**WORK TO BE COMPLETED**
Without including any images, set down the records below exactly.

-------- GIVEN DATA --------

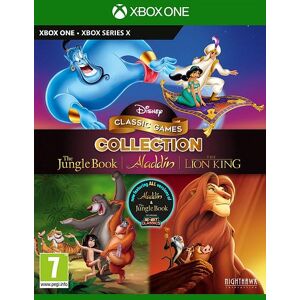 Disney Classic Games Collection: The Jungle Book, Aladdin, The Lion King (Xbox One)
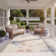 Herefordshire Performance Floral Indoor/Outdoor Area Rug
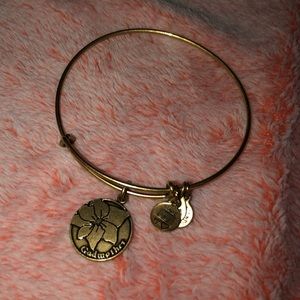 Alex and Ani Gold Bracelet - Godmother
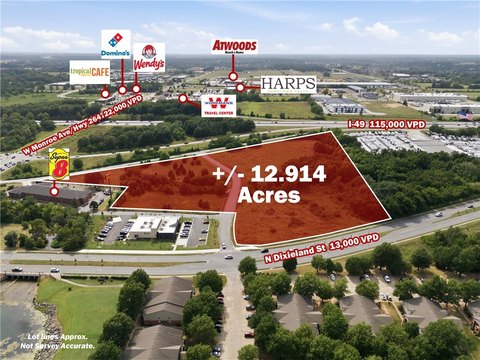 Commercial Land Near Interstate
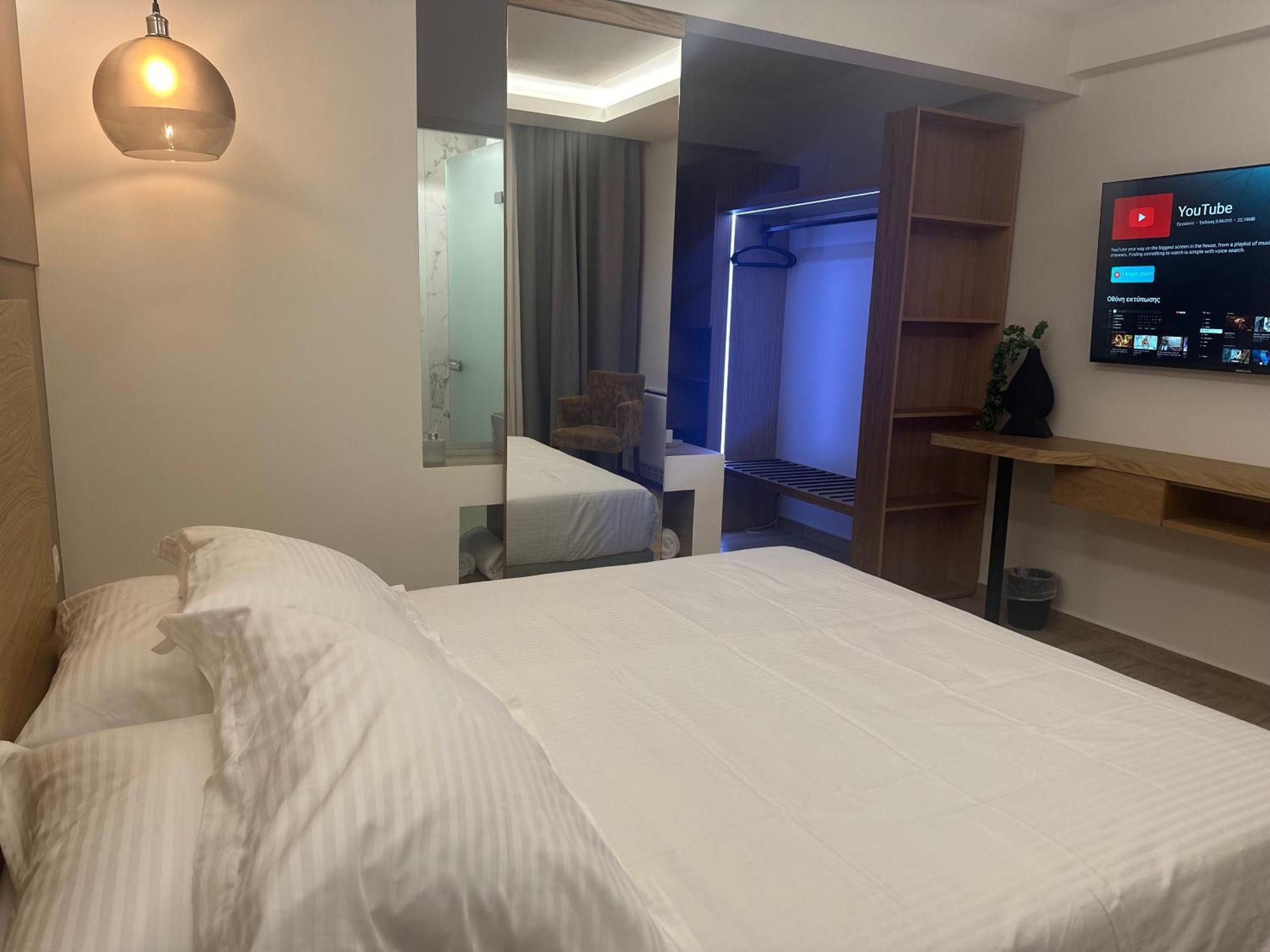 Archontiko Liamas Hotel Stavros  Luaran gambar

--------

**REPLY**
 Disney Classic Games Collection: The Jungle Book, Aladdin, The Lion King (Xbox One)
 Herefordshire Performance Floral Indoor/Outdoor Area Rug
 Alex and Ani Gold Bracelet - Godmother
 Commercial Land Near Interstate
 Archontiko Liamas Hotel Stavros  Luaran gambar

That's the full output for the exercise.